Several states (AZ, NM, OK) are throwing away perfectly good interstate highways! Driving along, I would see miles of concrete, scabbled down to the roadbed, with twisted masses of rebar piled up to go to the recycler. Now remember, concrete takes 30 years or more to reach its ultimate strength, so these roads were quite capable of handling the load, or if need be, patched to last many more years. Roads and highways are not things that have a short lifespan and quickly fall into disrepair. Some roads in Italy were originally laid by the Romans centuries ago, and succeeding generations may have widened and improved them, but they did not rip them down to the roadbed to do so. All I can conclude is that there is graft that needs to be spread, that highway contractors need to be doing something to bill the state for, so they come up with the bright idea of throwing away a highway so another can be built.

As for the state of the US and the USSR, it is difficult to tell the difference in some places. Towns that have seen better days in Texas, with a derelict warehouse next to some abandoned tracks and an abandoned factory, and people trying to eke out a living. Looks a lot like some of the towns in the Ukraine with derelict warehouses and abandoned factories and a train station that hasn't had any maintenance since 1991, and people trying to eke out a living.
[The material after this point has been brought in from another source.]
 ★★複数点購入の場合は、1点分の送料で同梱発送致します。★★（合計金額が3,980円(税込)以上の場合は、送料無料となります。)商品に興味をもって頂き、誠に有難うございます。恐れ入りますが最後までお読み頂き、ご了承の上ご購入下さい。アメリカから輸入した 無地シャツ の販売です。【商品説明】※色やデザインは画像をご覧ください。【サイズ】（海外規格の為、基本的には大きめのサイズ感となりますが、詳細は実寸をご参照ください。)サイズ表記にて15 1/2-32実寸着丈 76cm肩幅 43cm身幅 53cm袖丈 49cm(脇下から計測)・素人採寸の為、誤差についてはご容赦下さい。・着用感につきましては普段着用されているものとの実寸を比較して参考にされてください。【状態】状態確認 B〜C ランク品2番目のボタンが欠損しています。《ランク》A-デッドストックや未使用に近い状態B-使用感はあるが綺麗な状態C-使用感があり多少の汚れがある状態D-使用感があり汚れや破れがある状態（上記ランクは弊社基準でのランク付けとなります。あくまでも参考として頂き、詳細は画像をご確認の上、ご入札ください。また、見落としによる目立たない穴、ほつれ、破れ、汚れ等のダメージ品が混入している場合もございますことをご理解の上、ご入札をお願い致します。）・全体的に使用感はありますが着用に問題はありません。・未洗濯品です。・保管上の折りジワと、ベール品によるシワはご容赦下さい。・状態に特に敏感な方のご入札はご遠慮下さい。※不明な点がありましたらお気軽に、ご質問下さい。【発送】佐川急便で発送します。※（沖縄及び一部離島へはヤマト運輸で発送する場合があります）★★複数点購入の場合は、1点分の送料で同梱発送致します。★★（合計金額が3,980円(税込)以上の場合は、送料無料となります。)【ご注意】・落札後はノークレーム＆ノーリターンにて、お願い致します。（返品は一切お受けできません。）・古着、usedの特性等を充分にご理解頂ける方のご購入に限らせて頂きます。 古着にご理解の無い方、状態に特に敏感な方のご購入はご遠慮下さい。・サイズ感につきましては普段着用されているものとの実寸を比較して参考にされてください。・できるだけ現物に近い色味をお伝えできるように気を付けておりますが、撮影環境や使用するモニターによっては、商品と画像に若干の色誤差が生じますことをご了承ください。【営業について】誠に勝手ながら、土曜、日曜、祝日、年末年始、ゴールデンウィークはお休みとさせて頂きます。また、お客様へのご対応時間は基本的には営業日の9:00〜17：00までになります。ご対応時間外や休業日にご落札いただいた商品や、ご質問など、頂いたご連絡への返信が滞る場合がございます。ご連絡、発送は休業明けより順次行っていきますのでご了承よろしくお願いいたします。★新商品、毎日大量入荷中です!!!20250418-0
Except in the Ukraine, everyone has a vegetable garden, so they are a little more self-sufficient (mostly because they can't afford to buy nicely packaged stuff from global corporations, so they make do).

Republicans have sold the country lock, stock and barrel. I include that quasi-Republican Bill Clinton in the charge, for he gladly pushed through NAFTA for his corporate sponsors, and they exported all the jobs that they could to places with cheaper labor. But the jobs are not coming back. With the US pitted against the Ukraine, which country is going to get the investment capital, the one where the average price of a house is >$200,000, or the one where the average worker makes $200 per month?

America still has a LONG way to fall. At least in the Ukraine, they may not have much, and because of it, they can't fall too much further.